# ResultSet in Session speichern



## Guest (12. Sep 2005)

Kann man in einer Session eigentlich auch komplette ResultSets speichern? Meine ersten Versuche sind leider kläglich gescheitert. Hinzu kommt bei mir nämlich das Problem, dass ich das ResultSet nicht innerhalb einer JSP, sondern in einer Klasse aufrufe, die so ja erstmal keinen Zugriff auf eine Session hat. 

Hat da jemand den einen oder anderen Denkanstoß für mich?


----------



## Ives (12. Sep 2005)

In die Session gehören keine große Datenmengen.  Schon aus dem Grund solltest du das unterlassen.
Mit dem Resultset kannst du nur arbeiten, wenn eine DB-Connection besteht. Die Ergebnisse deiner Abfrage musst du in eine entsprechende Datenstruktur schreiben und diese kannst du dann weitergeben.


----------



## Guest (12. Sep 2005)

Ich hätte vielleicht dazusagen sollen, dass es sich um eine Anwendung handelt, in der lediglich gewisse Techniken (Xpath, XSLT, Xindice) getestet werden. Die Datenbankverbindung selbst ist sehr langsam, was sich aber leider nicht ändern lässt.

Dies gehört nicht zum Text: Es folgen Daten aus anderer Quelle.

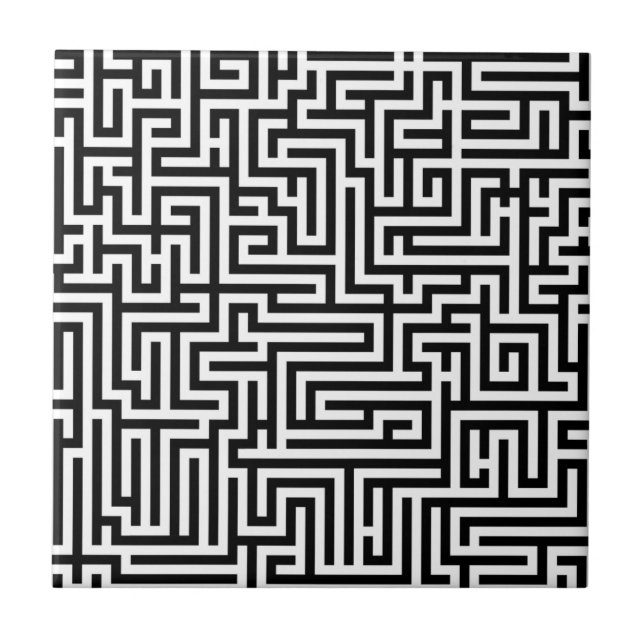 Black & White Labyrinth Maze Pattern (Frente)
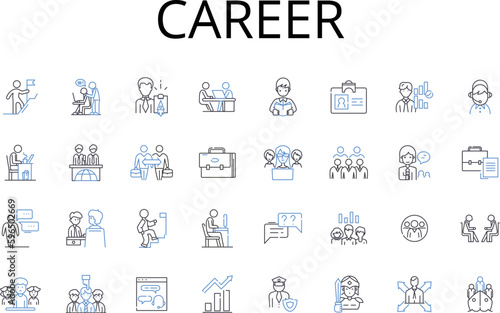 Career line icons collection. Job, Profession, Employment, Occupation, Vocation, Trade, Workforce vector and linear illustration. Livelihood,Calling,Avocation outline signs set Generative AI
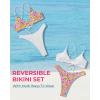 imageSUUKSESS Women High Waisted Thong Bikini Set Reversible String 2 Piece Swimsuit56 Pink Floral White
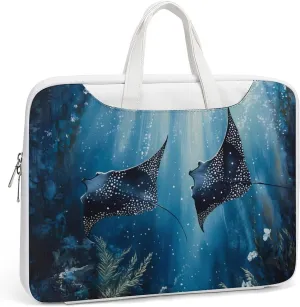 Manta Rays in The Ocean Leather Bag Laptop Case Slim Water Resistant Computer Bags with Handle Briefcase for Work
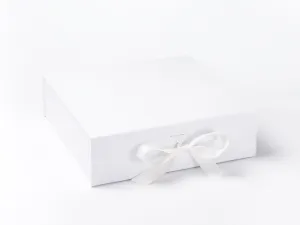 Large White Luxury Gift box with magnetic closure, and ribbon (Pack of 12)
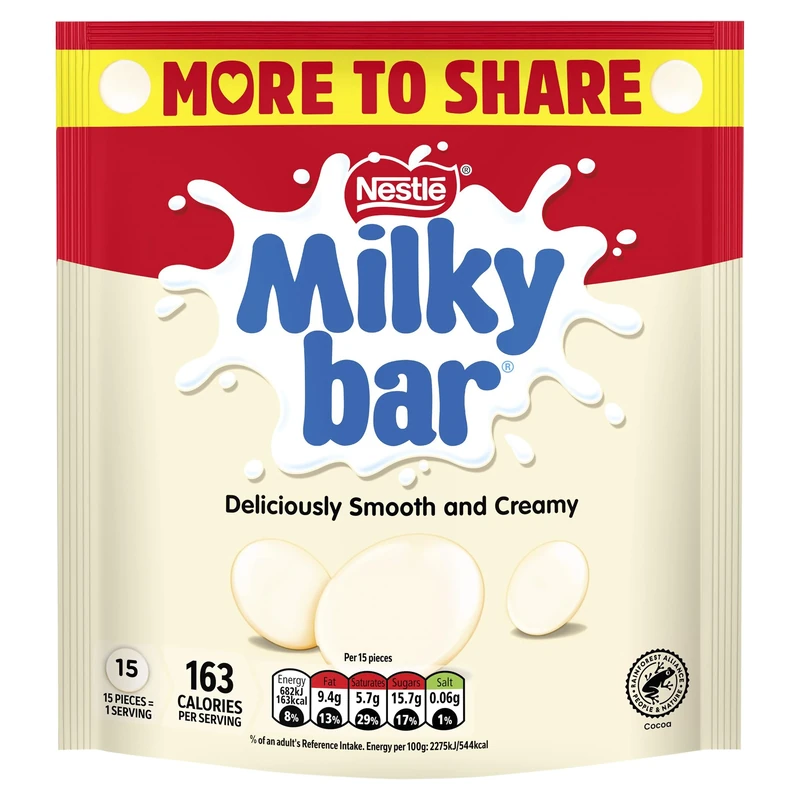 Milkybar White Chocolate Giant Buttons More to Share Sharing Bag 176g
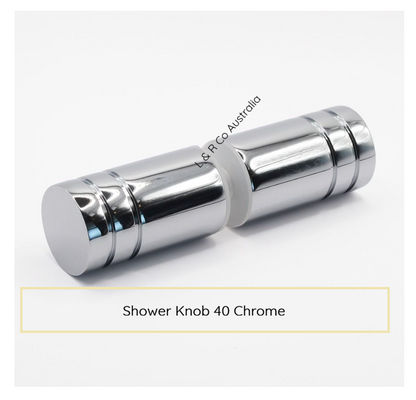 25mm Shower Screen Door Knob 40 Chrome Suitable for 6mm 8mm 10mm 12mm glass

Deshalb würde ich halt gerne das ResultSet irgendwo zwischenspeichern, falls ich nochmal auf das gleiche Ergebnis zugreifen möchte.

Bietet sich denn noch was anderes an als in der Session selbst zu speichern?


----------



## Guest (12. Sep 2005)

Wie wär's mit EJB? Die Daten werden gecached.


----------



## Bleiglanz (12. Sep 2005)

hast du Java5?

nimm ein sog. RowSet


----------